Is it safe? No, not entirely. Three Mile Island and Chernobyl 
demonstrated that, and there are also risks from terrorist attacks.

Then again, the world now has a half-century of experience with nuclear 
power plants, 440 of them around the world, and they have proved safer 
so far than the alternatives. America's biggest power source is now 
coal, which kills about 25,000 people a year through soot in the air.

To put it another way, nuclear energy seems much safer than our 
dependency on coal, which kills more than 60 people every day.
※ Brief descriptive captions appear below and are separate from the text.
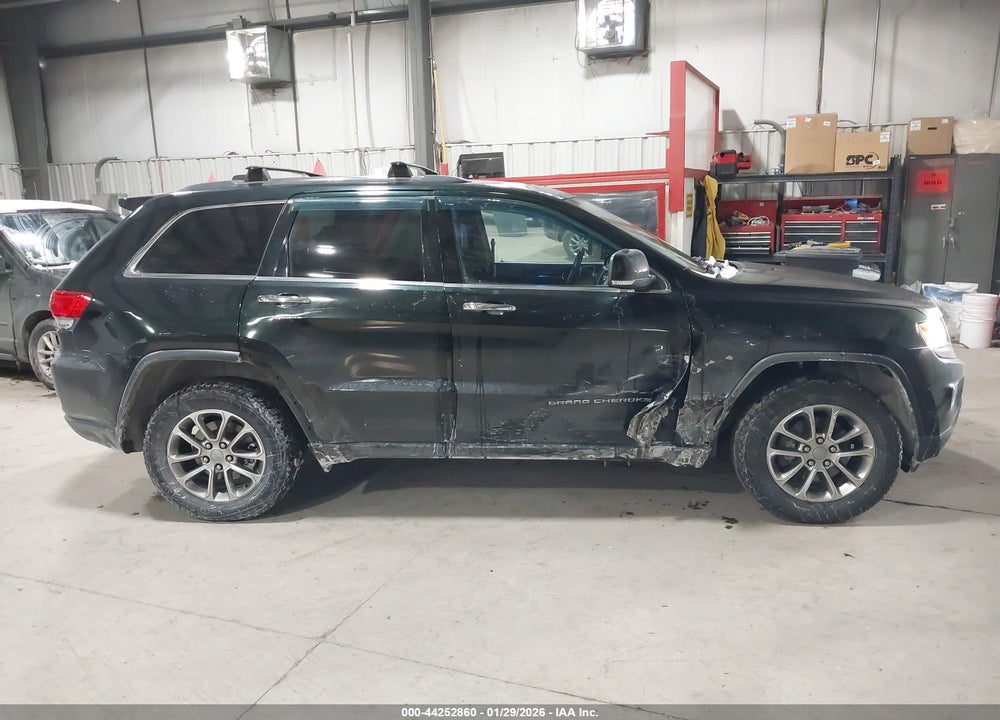 2014 JEEP GRAND CHEROKEE LIMITED VIN: 1C4RJFBG1EC501096
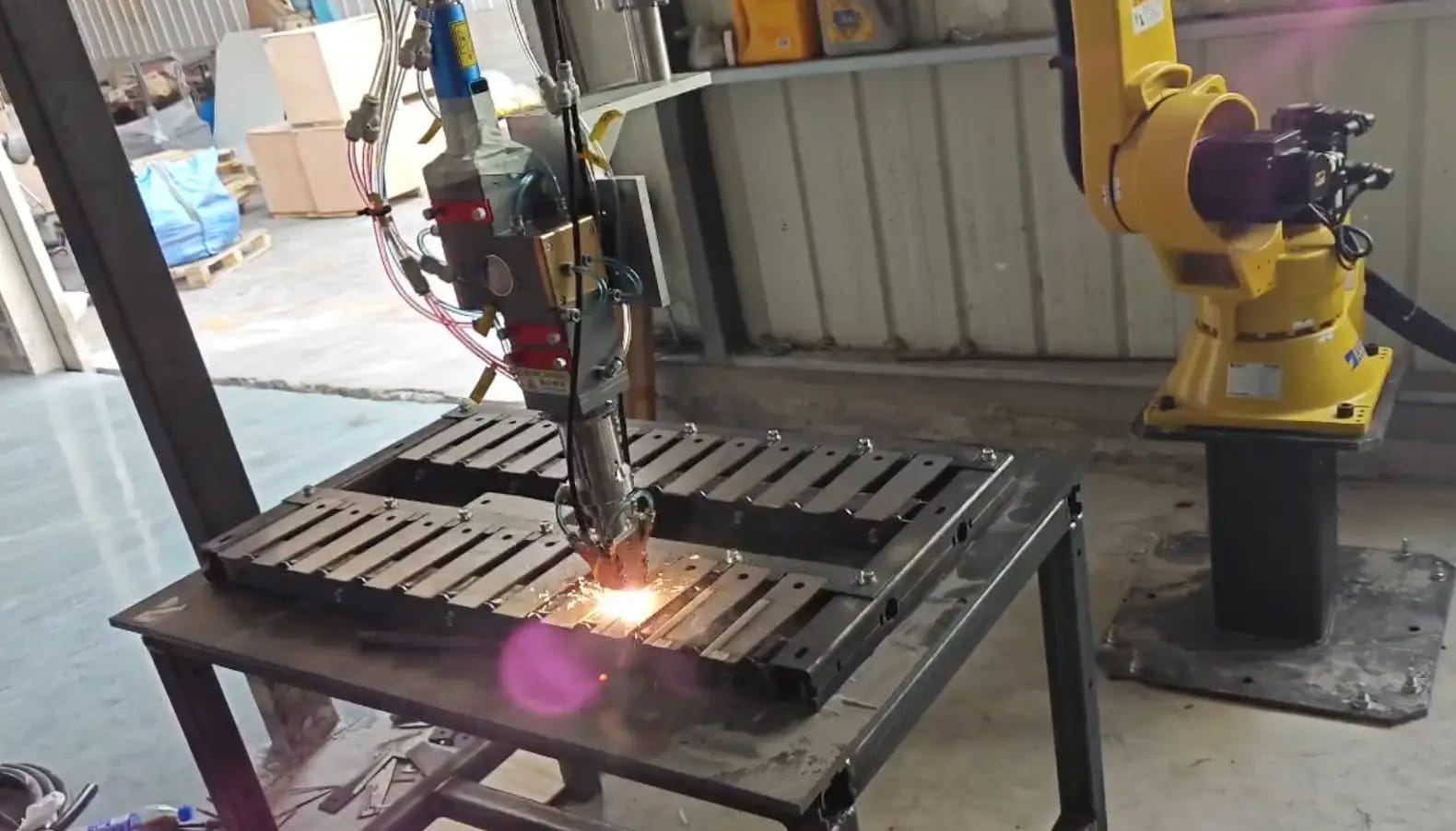 Laser cladding strengthening of agricultural machinery tools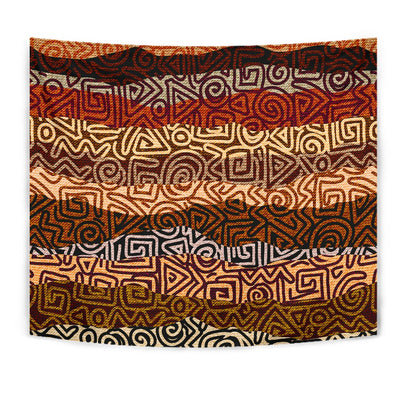 African Pattern Print Wall Tapestry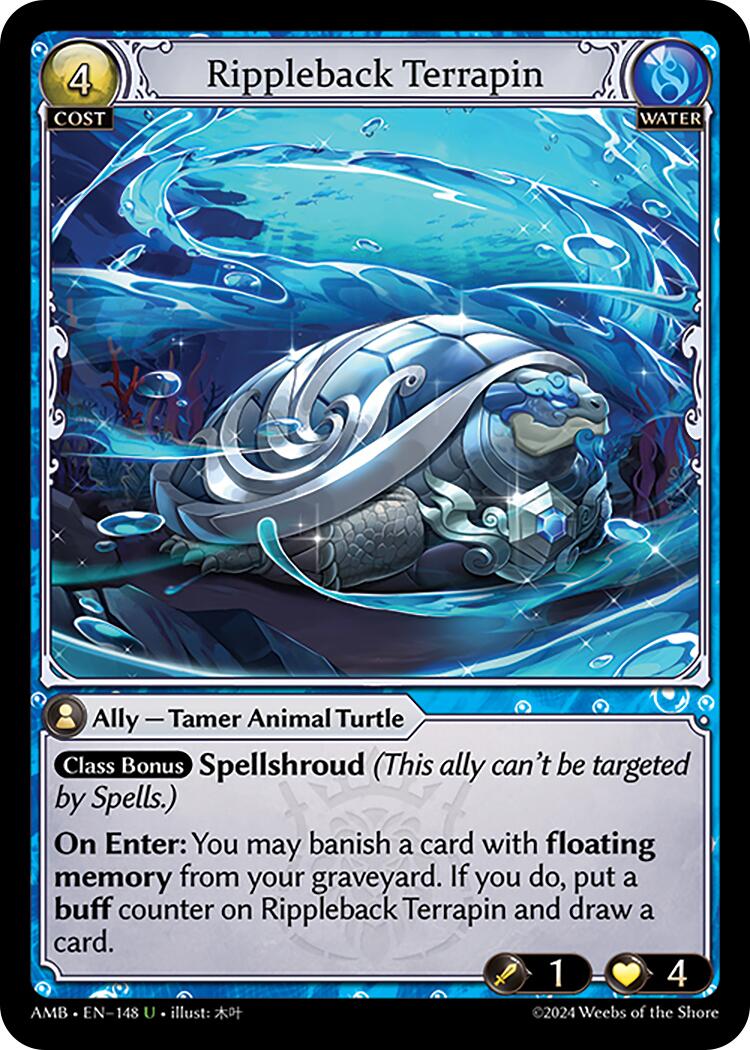 Rippleback Terrapin (148) [Mortal Ambition] | Webway Games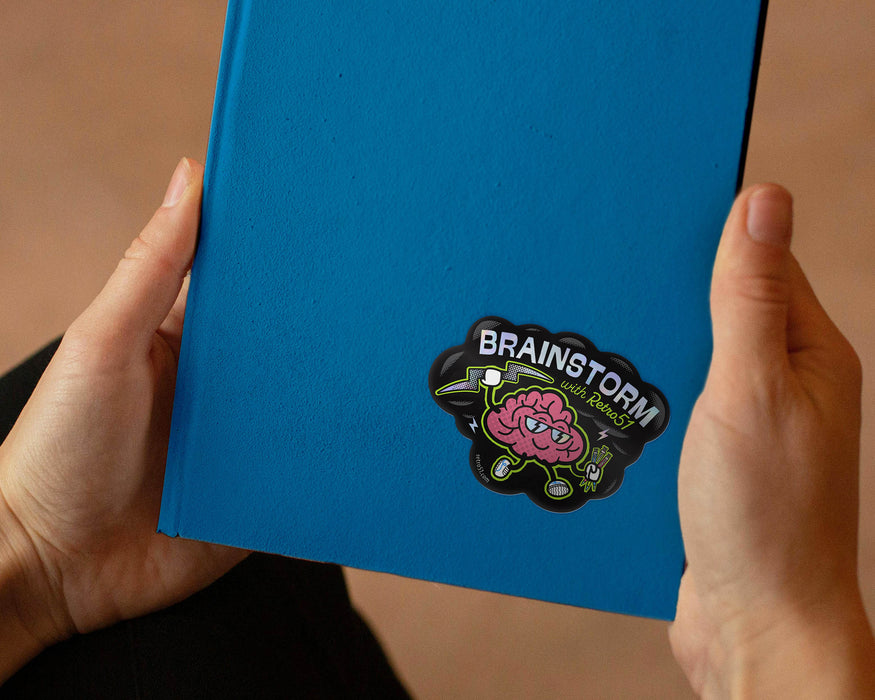 'Brainstorm' Sticker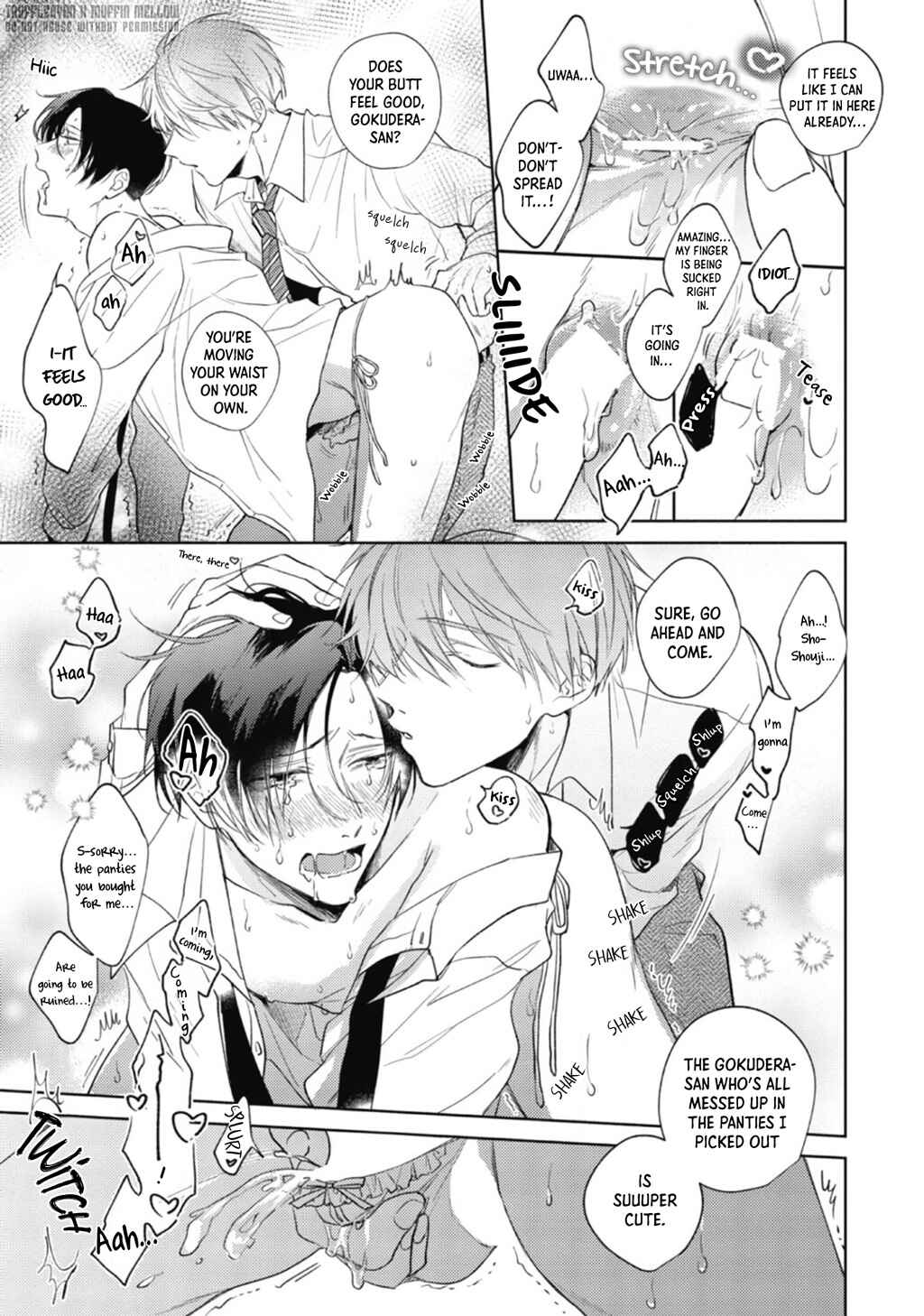 Page 30 Chapter 2 Oni Joushi Gokudera-san wa Abakaretai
Moreover, nuclear technology has become far safer over the years. The 
future may belong to pebble-bed reactors, a new design that promises to 
be both highly efficient and incapable of a meltdown.

Radioactive wastes are a challenge. But burdening future generations 
with nuclear wastes in deep shafts is probably more reasonable than 
burdening them with a warmer world in which Manhattan is submerged under 
20 feet of water.

Right now, the only significant source of electricity in the U.S. that 
does not involve carbon emissions is hydropower. But salmon runs have 
declined so much that we should be ripping out dams, not adding more.

What killed nuclear power in the past was cold economics. Major studies 
at M.I.T. and elsewhere show that nuclear power is still a bit more 
expensive than new coal or natural gas plants, but in the same ballpark 
if fossil fuel prices rise. And if a $200-per-ton tax was imposed on 
carbon emissions, nuclear energy would become cheaper than coal from new 
plants.

So it's time to welcome nuclear energy as green (though not to subsidize 
it with direct handouts, as the nuclear industry would like). Indeed, 
some environmentalists are already climbing onboard. For example, the 
National Commission on Energy Policy, a privately financed effort 
involving environmentalists, academics and industry representatives, 
issued a report in December that favors new nuclear plants.

One of the most eloquent advocates of nuclear energy is James Lovelock, 
the British scientist who created the Gaia hypothesis, which holds that 
Earth is, in effect, a self-regulating organism.

"I am a Green, and I entreat my friends in the movement to drop their 
wrongheaded objection to nuclear energy," Mr. Lovelock wrote last year, 
adding: "Every year that we continue burning carbon makes it worse for 
our descendents. ... Only one immediately available source does not 
cause global warming, and that is nuclear energy."